## What needs to be done
Leaving the pictures aside, repeat each line below exactly.

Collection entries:
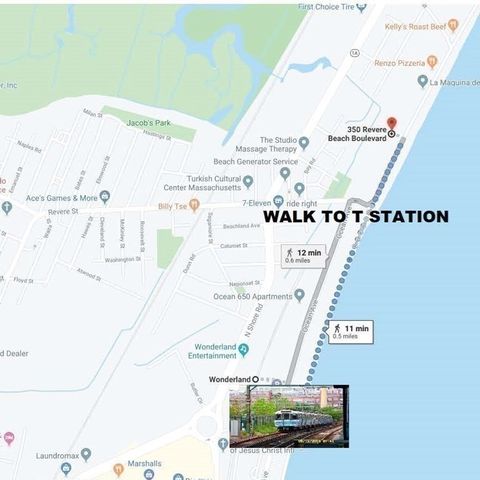 350 Revere Beach Blvd 12K, Revere, MA 02151
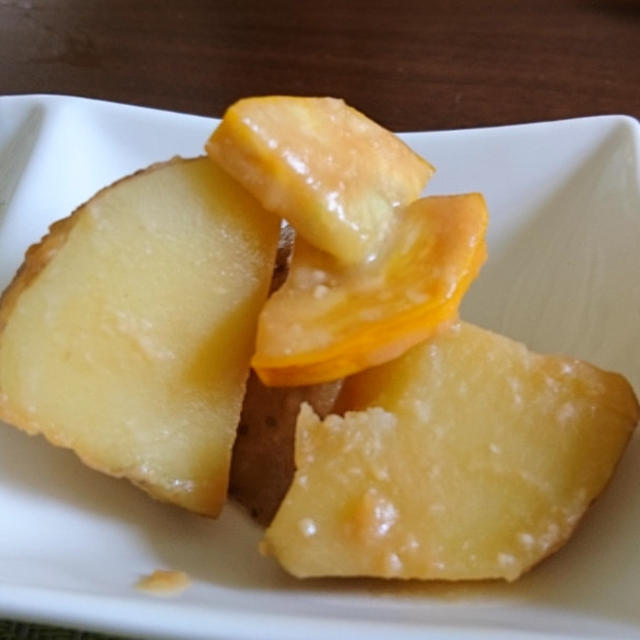 じゃが味噌バター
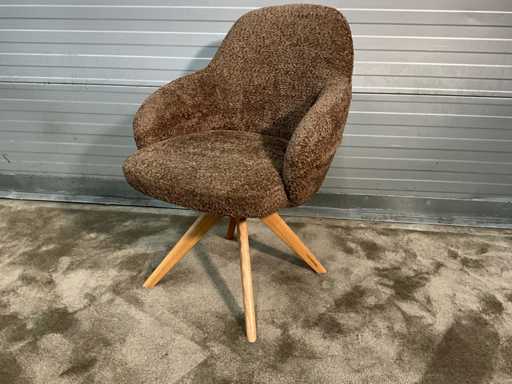 Scaun de sufragerie Rivièra Maison Swivel Swivel (4x)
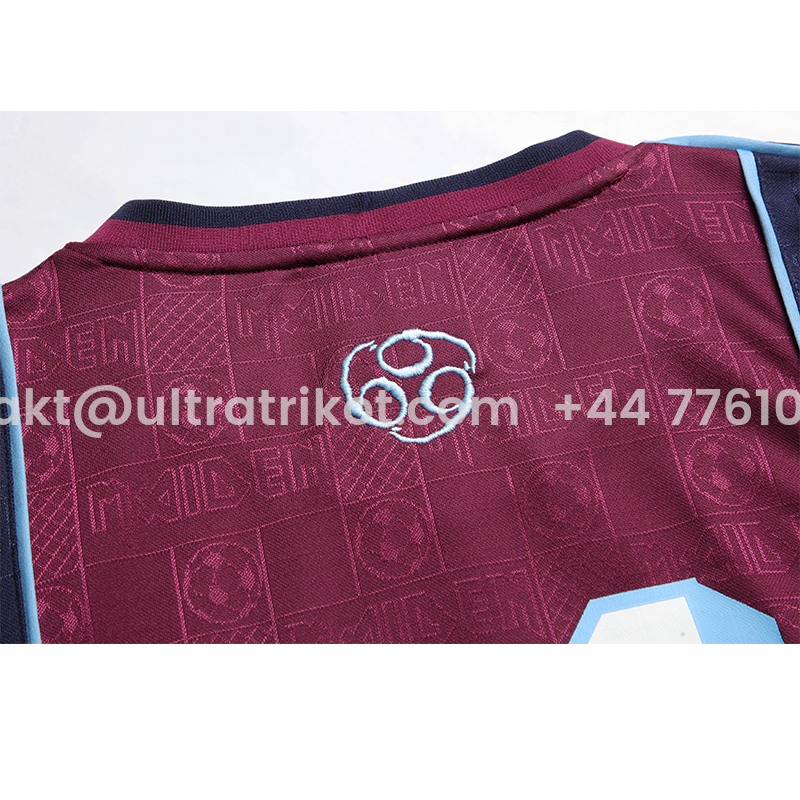 UltraTrikot-Retro Iron Maiden 2011 Away Jersey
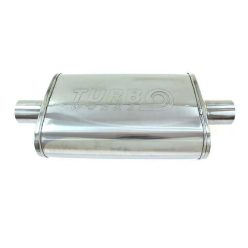 Center Muffler 63,5mm TurboWorks LT 409SS 355mm
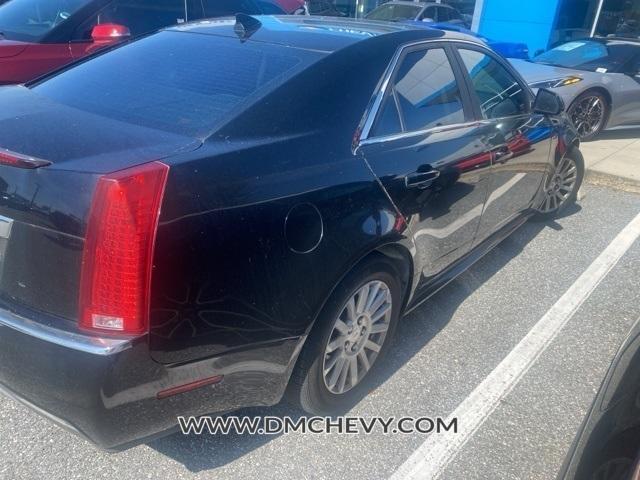 2012 cadillac cts base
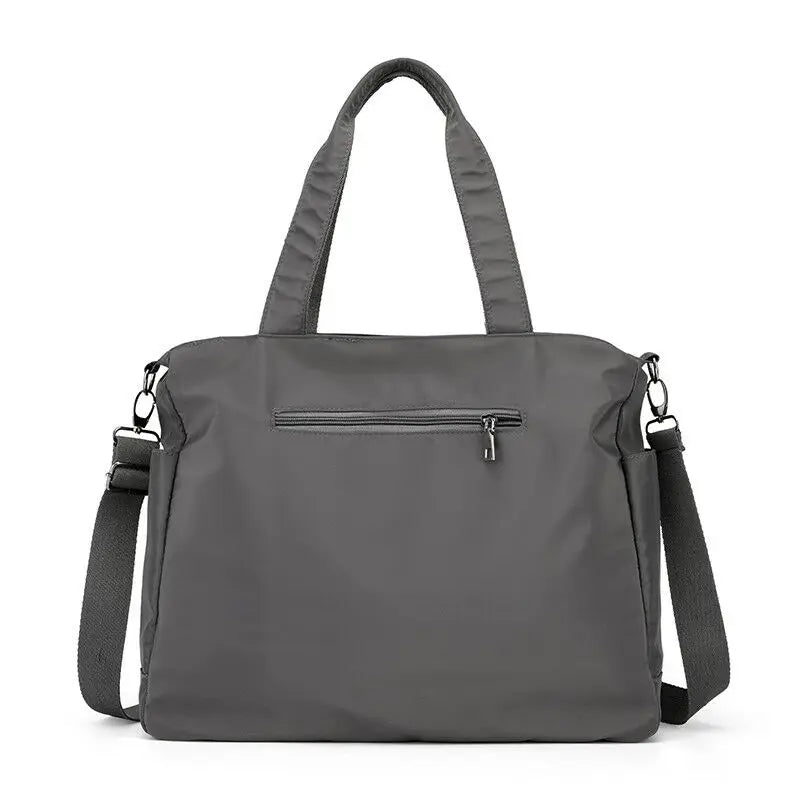 Large Capacity Nylon Handbags Waterproof Shopping Shoulder Bag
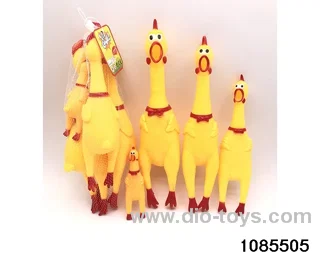 Cried chicken in Net bag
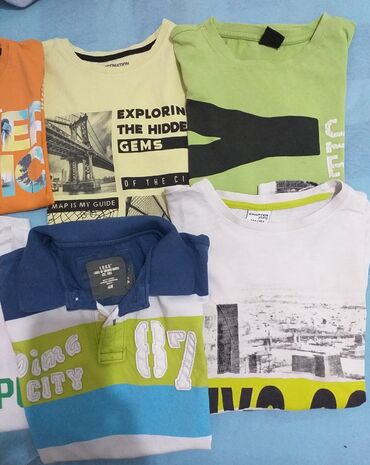 T-shirts: Paket majica 
10/12
Uplata pa slanje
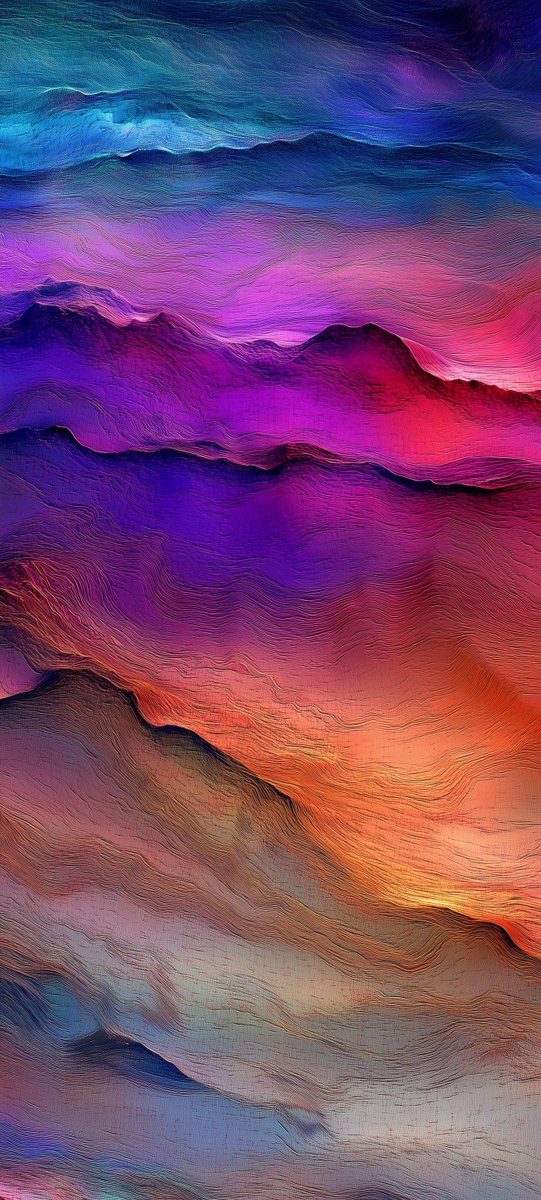 iDeviceArt's tweet image. Vibrant Dunes 🏜️ 

#wallpaper #iOS #Android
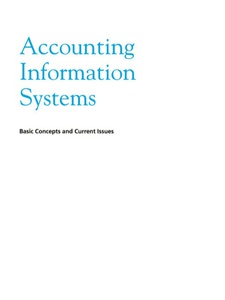 Free Solutions For Accounting Information Systems | Quizlet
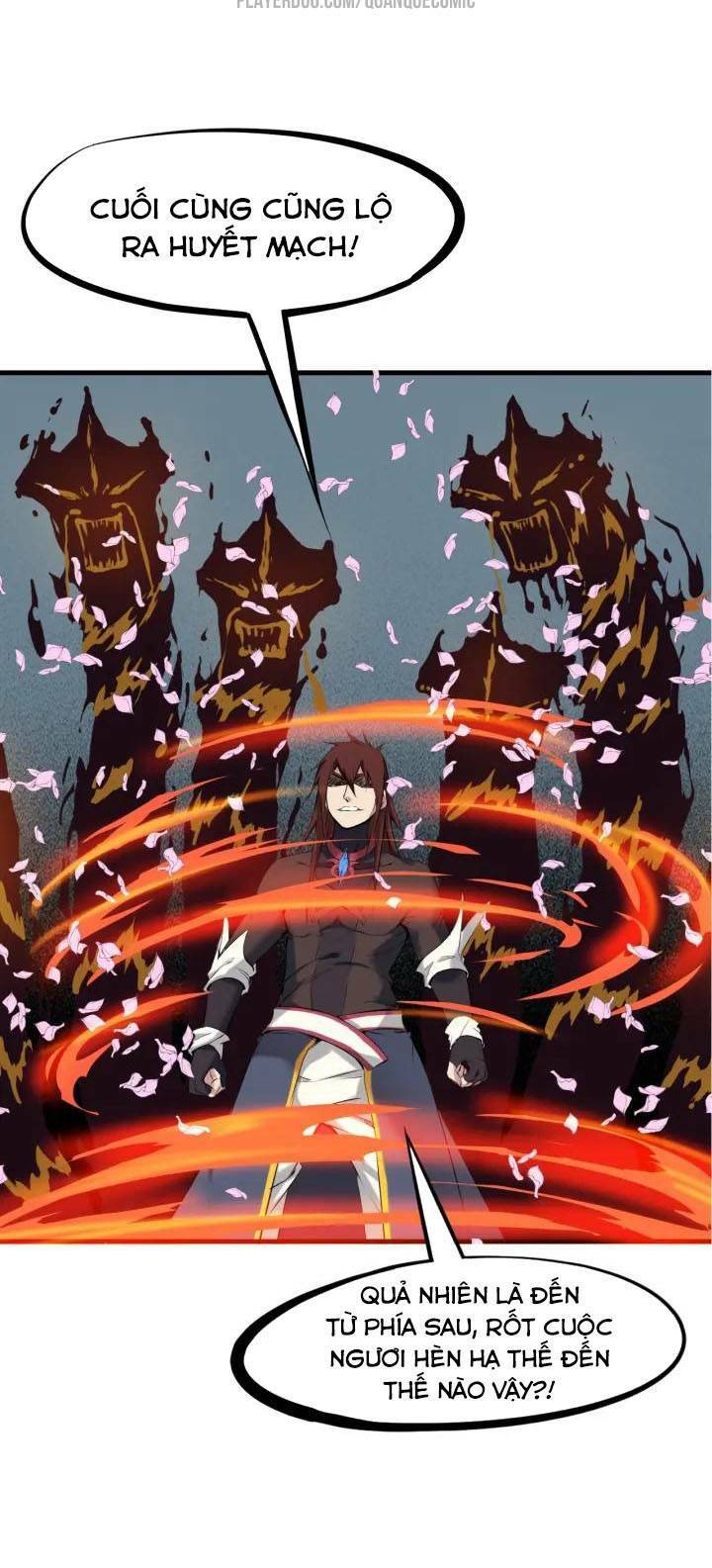 long mạch võ thần chapter 23 32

## Problem solution
 350 Revere Beach Blvd 12K, Revere, MA 02151
 じゃが味噌バター
 Scaun de sufragerie Rivièra Maison Swivel Swivel (4x)
 UltraTrikot-Retro Iron Maiden 2011 Away Jersey
 Center Muffler 63,5mm TurboWorks LT 409SS 355mm
 2012 cadillac cts base
 Large Capacity Nylon Handbags Waterproof Shopping Shoulder Bag
 Cried chicken in Net bag
 T-shirts: Paket majica 
10/12
Uplata pa slanje
 iDeviceArt's tweet image. Vibrant Dunes 🏜️ 

#wallpaper #iOS #Android
 Free Solutions For Accounting Information Systems | Quizlet
 long mạch võ thần chapter 23 32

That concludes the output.